Modeling risk for death. Focusing on death as end-point there was a significant relationship to stage with a significant correlation of r=0.463. Whereas 50% of the patients without positive lymph nodes survived, this was reduced to 20% in cases of positive lymph nodes, and dropped to zero in cases of metastasis. Furthermore, ECOG showed a significant correlation (r=−0.360, p=0.008) with death. Only patients with ECOG 1 or 2 were still alive. Obviously both stage and ECOG were of major relevance for prognosis. Calculation of receiver operator characteristic curves (ROC-curves) for prediction of death furthermore revealed an area under the curve (AUC), which served as indicator of the suitability of a criteria to predict an effect, of more than 0.8 for ECOG (0.878) and stage (0.911; Figure 1F).
Collaborative network of interferences between variables.
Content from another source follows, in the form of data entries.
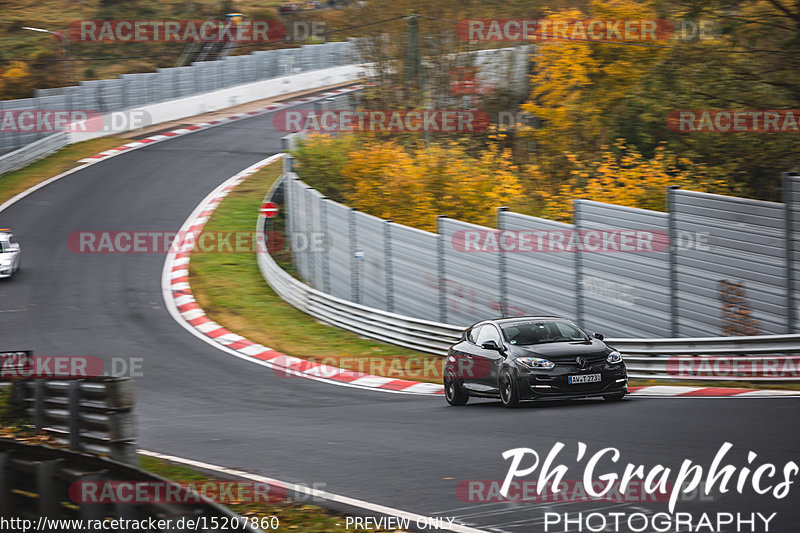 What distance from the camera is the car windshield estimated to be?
14766 millimetres

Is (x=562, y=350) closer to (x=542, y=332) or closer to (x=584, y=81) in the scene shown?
(x=542, y=332)

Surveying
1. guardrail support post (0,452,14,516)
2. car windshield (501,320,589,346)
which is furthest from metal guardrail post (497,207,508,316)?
guardrail support post (0,452,14,516)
Spearman correlation coefficient was considered as reflection of functional linkage between variables, and interactions were considered as possibly relevant if r≥0.3.
Among the clinical variables (Figure 2A) we thereby observed that a) an increase of age was related to more β2-microglobulin (r=0.33), to a higher grading of the tumor (r=−0.32), but to a lower level of CRP (r=−0.42). b) Females had smaller tumors (r=−0.31) with less β2-microglobulin (r=−0.32), showed a predominance of adenomateous cancer (r=−0.33), and had lower level of CYFRA (r=−0.40). c) A lower general condition with higher ECOG was related to higher levels of TPA (r=0.52), Cyfra (r=0.45) or CRP (r=0.41), with higher stages (r=0.38), presence of metastasis (r=0.36), and shorter survival time (r=−0.47). d) Non-smoking was related to longer survival time (r=0.33), with less differentiated histology (r=0.33) and lower stages (r=−0.34). e) A longer survival time was related to absence of metastasis (r=−0.46), non-smoking (r=0,33), lower levels of Ca72-4 (r=−0.32), Ca 15-3 (r=−0.42), Cyfra (r=−0.49) or TPA (r=−0.50), with lower ECOG (r=−0.47), and lower stages (r=0.55). f) Higher stages were of course related to higher levels of T (r=0.35), N (r=0.46), M (r=0.88), but also with higher ECOG (r=0.38), smoking (r=−0.37) and reduced survival time (r=−0.55). g) Squamous cancer was related to expression of PAI in the cytoplasm (r=0.42), and with higher levels of CYFRA (r=0.38) or SCC (r=0.37); they were not found in females (r=−0.33). h) A non-differentiated histology was related to higher levels of CYFRA (r=0.35), non-smoking (r=0.33), lower age (r=−0.32), and lower levels of SCC (r=0.33).
Among the group of tissue variables (Figure 2B) we found that a) PAI was expressed more often in squamous cancer (r=0.42). b) EGF-receptor particularly in patients with cerebral metastasis (r=−0.31) and with high levels of CA 72-4 (r=0.34). c) Jagged showed a positive relation to higher level of CRP (r=0.36). d) Nuclear YB-1 was found in small tumors (r=−0.34), e) P53 at advanced tumor stages that could not be treated by surgery (r=−0.33). f) Nuclear Notch was expressed in patients with high levels of SCC (r=0.33) or CEA (r=0.32). Interactions within the group of tissue markers revealed only sole relationships without forming any network-like configuration.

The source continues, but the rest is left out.